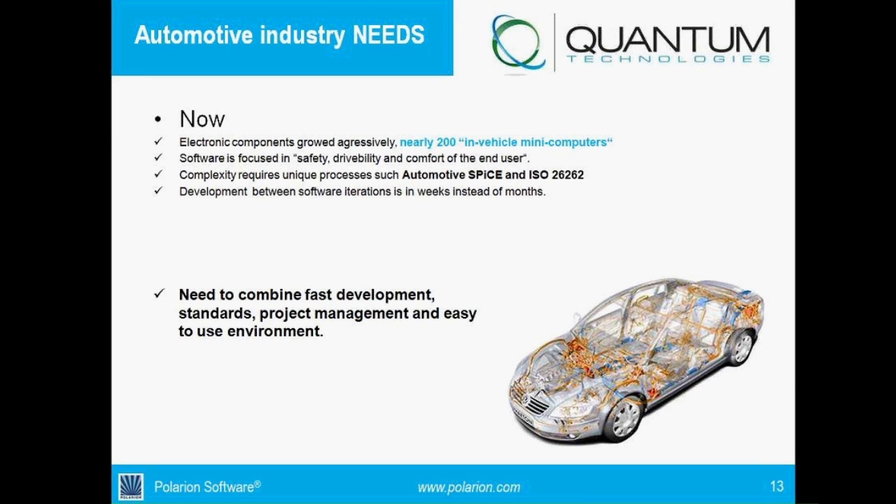That's why software content has increased so much. Software is now focused on safety, driveability, and comfort for the end user — like airbags — and powertrain, as we move to alternative technologies, controlling fuel injection, speed, and more. Everything is software. Because of that, you require unique processes like Automotive SPICE and ISO 26262. And as mentioned, software development iterations have changed from months to weeks.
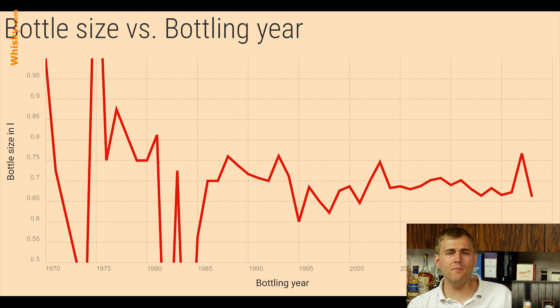Also be careful — this data is heavily skewed towards the German market. This might not be the same for any other market.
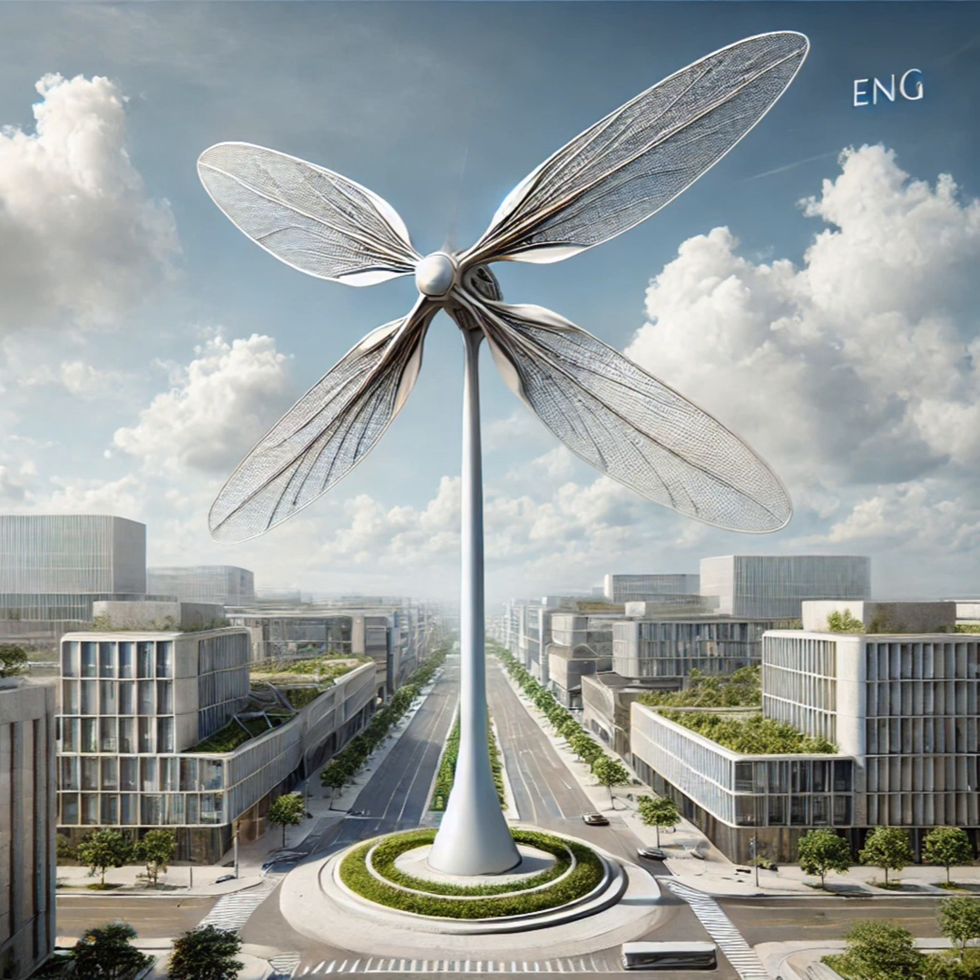It's mind-blowing to think about all the possibilities. We have the technology, the ideas, and the passion to create a truly sustainable future. It feels like we're at a turning point, and if we embrace innovation and work together, we can create a better world for everyone. Thank you so much for joining us for this deep dive into urban wind turbines.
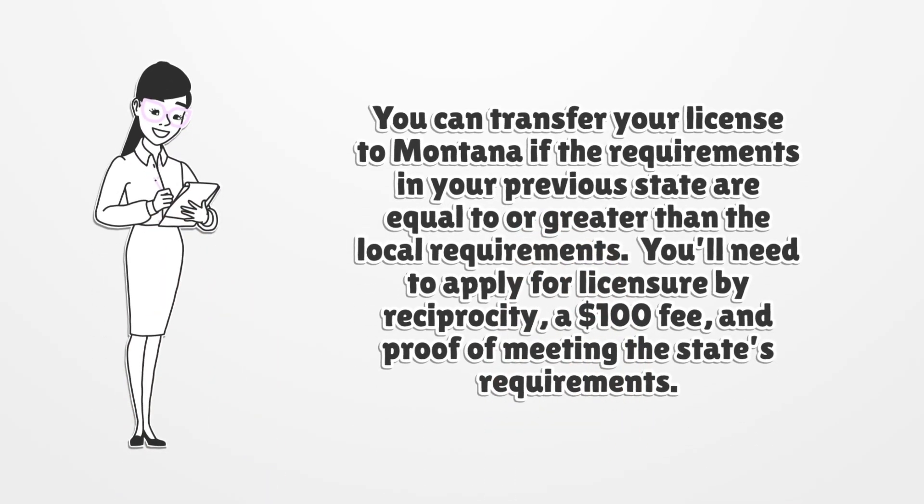You can transfer your license to Montana if the requirements in your previous state are equal to or greater than the local requirements. You'll need to apply for licensure by reciprocity, a $100 fee, and proof of meeting the state's requirements.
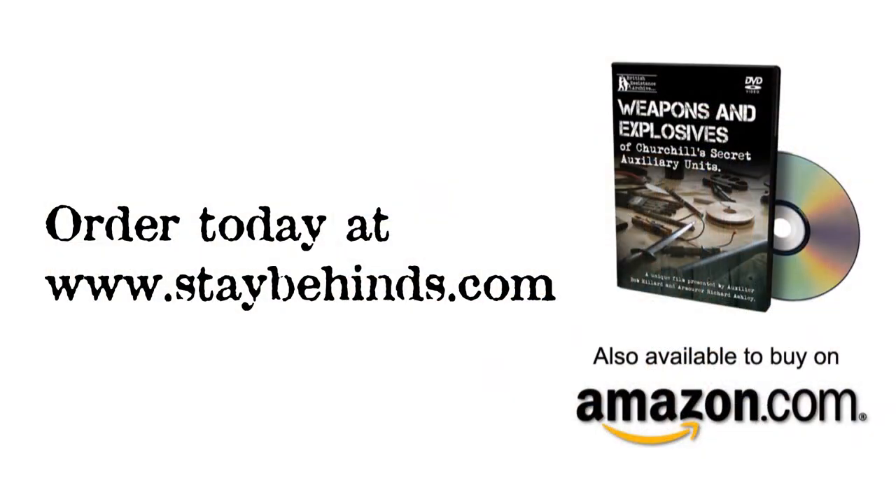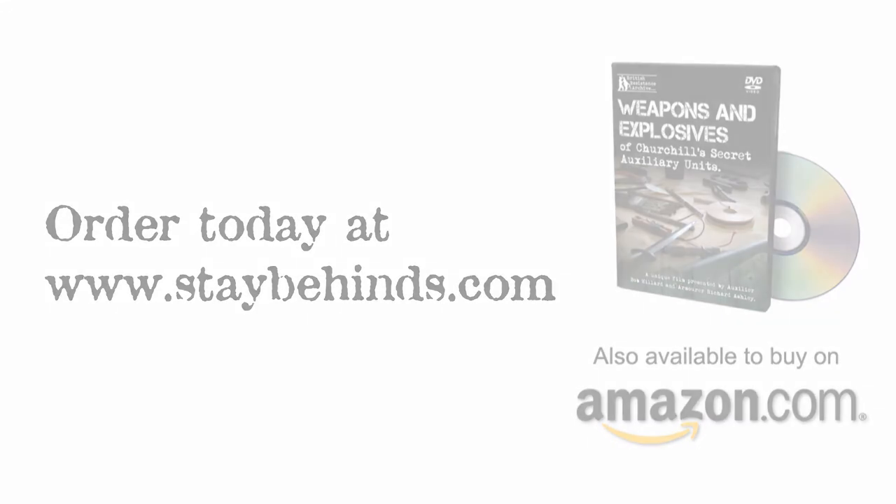Plus lots more. You can order this DVD directly from the British Resistance Archive website, or through Amazon.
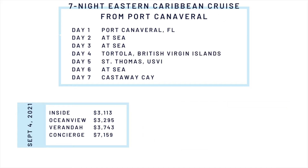Next we have the Eastern Caribbean cruise itinerary from Port Canaveral, pricing for the first week of September. The itinerary for this one includes a stop at Tortola, St. Thomas, and Castaway Cay.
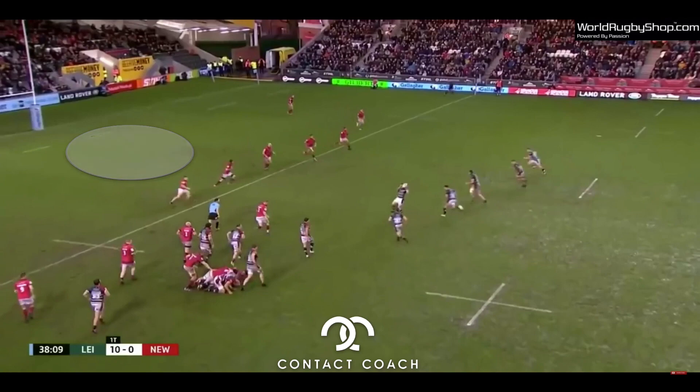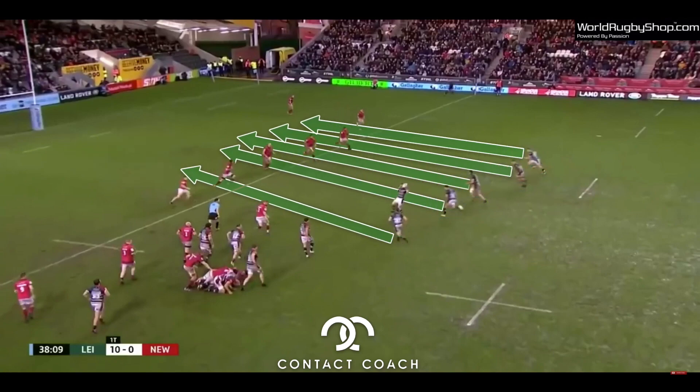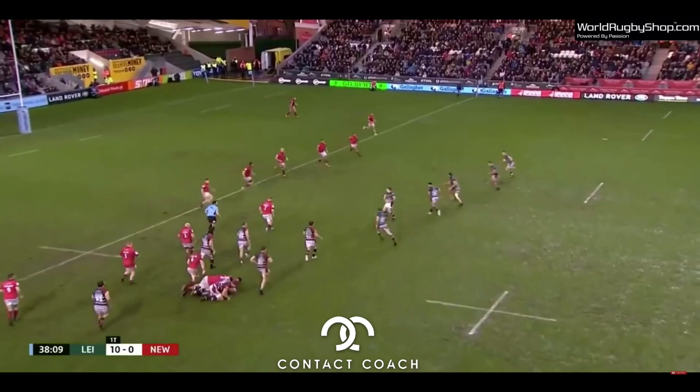What Tigers do really well here, they've got an organized kick chase — this has been pre-planned. They've seen it, and all those players are going to be getting into that area from the kick. So as we play through here...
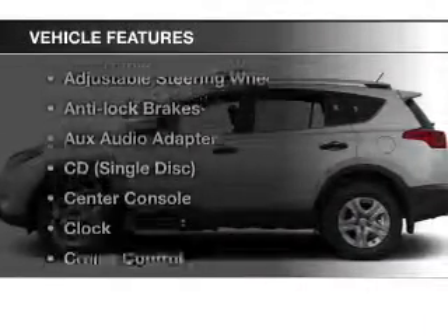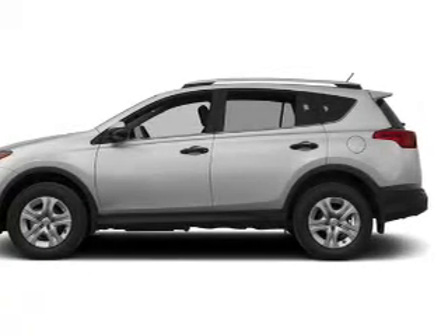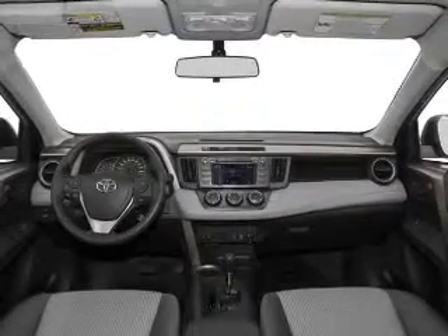Plus enjoy these notable features that are included in this vehicle: power windows, cruise control, Bluetooth wireless, an AM-FM stereo, power mirrors, power steering, and an adjustable tilt steering wheel.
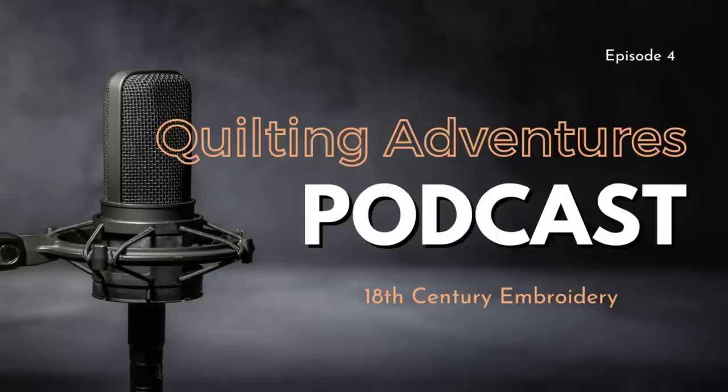Welcome back to Quilter's Adventures Podcast, where we discuss everything quilting, embroidery, needlework, and crafting in general — creating with fabric and floss. In today's episode, we're going to be talking about silk embroidery.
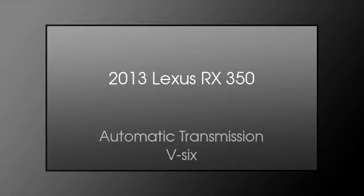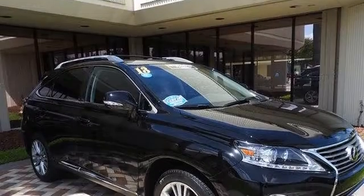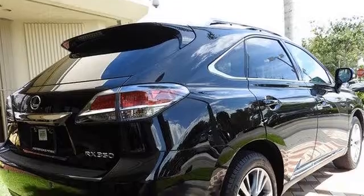This is a 2013 Lexus RX 350. This crossover has an automatic transmission and a V6.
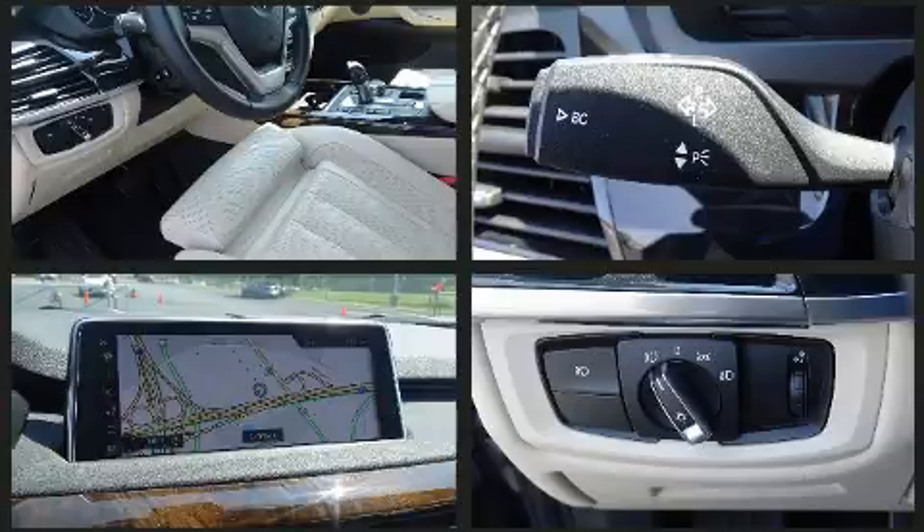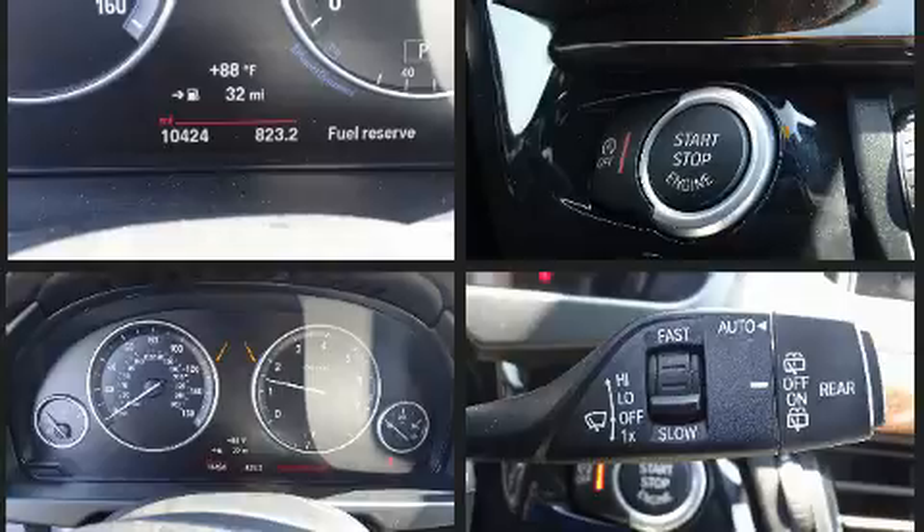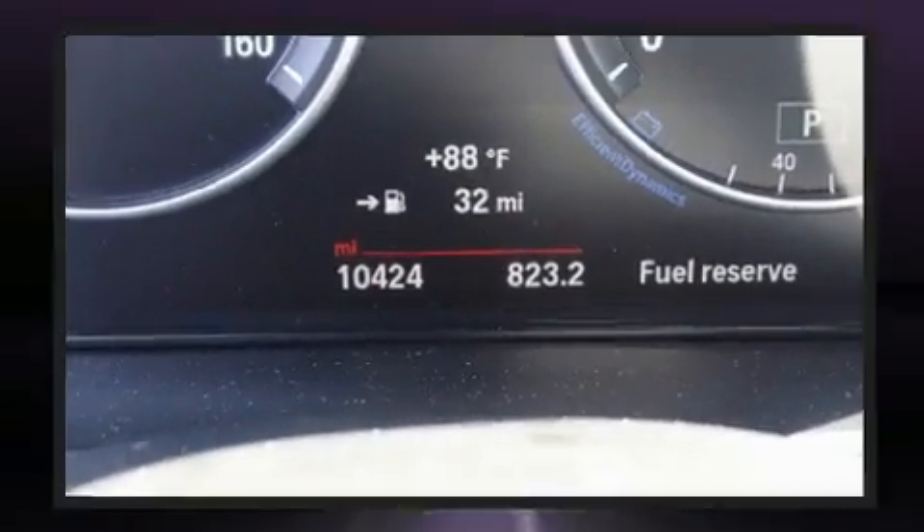Sophisticated all-wheel drive assures superb handling in any weather condition. This vehicle has achieved certified pre-owned status by passing BMW's rigorous certification process.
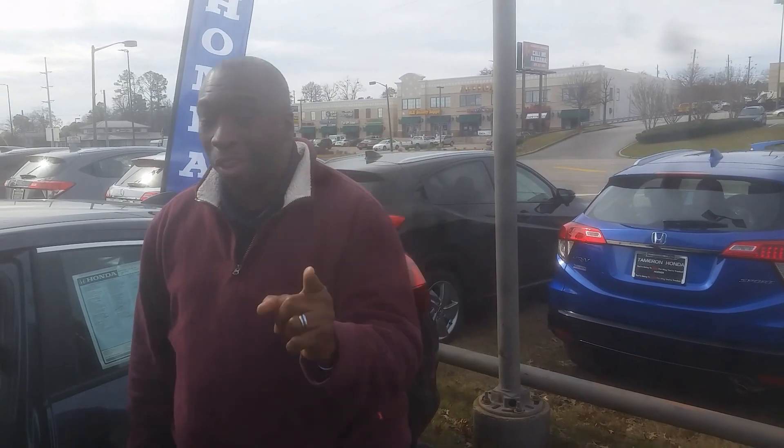There are so many things that I would love to tell you about this vehicle when you get here that I can't wait to see you. My name is Taz Griffin, I'm here at Tamron Honda. Give me a call at 601-616-0980. And one thing I can guarantee when you come to Tamron, you're going to love the way we treat you.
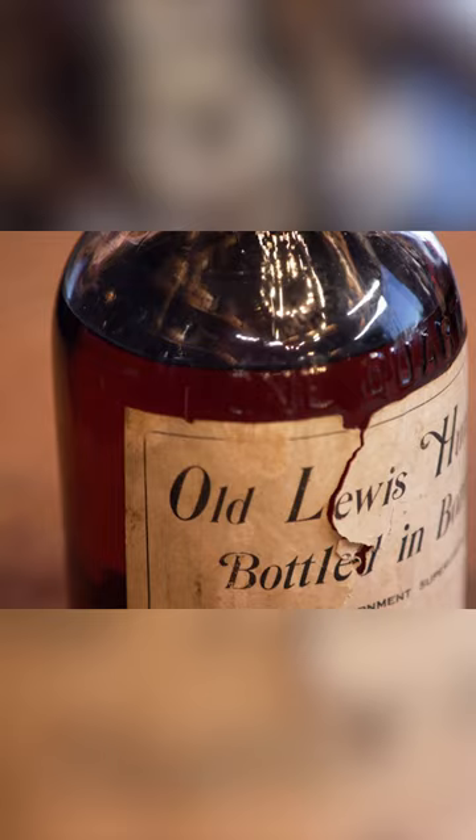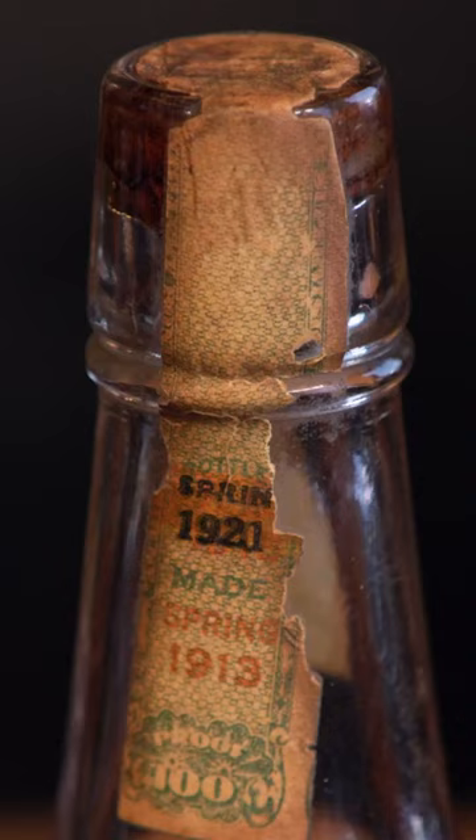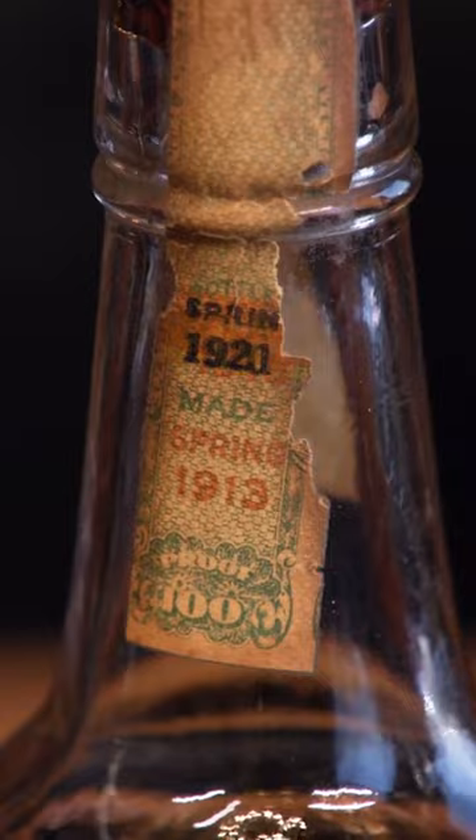And this right here? This one. This is a pre-prohibition bottle of bottled-in-bond bourbon. It was distilled in 1913. When Prohibition hit in 1920, this became a medicinal use only bottle and was released in 1921.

::::::::

* [TASK REQUIREMENTS] Print out all the material word for word but exclude any images.

* [SOLUTION BELOW]
That's why software content has increased so much. Software is now focused on safety, driveability, and comfort for the end user — like airbags — and powertrain, as we move to alternative technologies, controlling fuel injection, speed, and more. Everything is software. Because of that, you require unique processes like Automotive SPICE and ISO 26262. And as mentioned, software development iterations have changed from months to weeks.
Also be careful — this data is heavily skewed towards the German market. This might not be the same for any other market.
It's mind-blowing to think about all the possibilities. We have the technology, the ideas, and the passion to create a truly sustainable future. It feels like we're at a turning point, and if we embrace innovation and work together, we can create a better world for everyone. Thank you so much for joining us for this deep dive into urban wind turbines.
You can transfer your license to Montana if the requirements in your previous state are equal to or greater than the local requirements. You'll need to apply for licensure by reciprocity, a $100 fee, and proof of meeting the state's requirements.
Plus lots more. You can order this DVD directly from the British Resistance Archive website, or through Amazon.
Next we have the Eastern Caribbean cruise itinerary from Port Canaveral, pricing for the first week of September. The itinerary for this one includes a stop at Tortola, St. Thomas, and Castaway Cay.
What Tigers do really well here, they've got an organized kick chase — this has been pre-planned. They've seen it, and all those players are going to be getting into that area from the kick. So as we play through here...
Plus enjoy these notable features that are included in this vehicle: power windows, cruise control, Bluetooth wireless, an AM-FM stereo, power mirrors, power steering, and an adjustable tilt steering wheel.
Welcome back to Quilter's Adventures Podcast, where we discuss everything quilting, embroidery, needlework, and crafting in general — creating with fabric and floss. In today's episode, we're going to be talking about silk embroidery.
This is a 2013 Lexus RX 350. This crossover has an automatic transmission and a V6.
Sophisticated all-wheel drive assures superb handling in any weather condition. This vehicle has achieved certified pre-owned status by passing BMW's rigorous certification process.
There are so many things that I would love to tell you about this vehicle when you get here that I can't wait to see you. My name is Taz Griffin, I'm here at Tamron Honda. Give me a call at 601-616-0980. And one thing I can guarantee when you come to Tamron, you're going to love the way we treat you.
And this right here? This one. This is a pre-prohibition bottle of bottled-in-bond bourbon. It was distilled in 1913. When Prohibition hit in 1920, this became a medicinal use only bottle and was released in 1921.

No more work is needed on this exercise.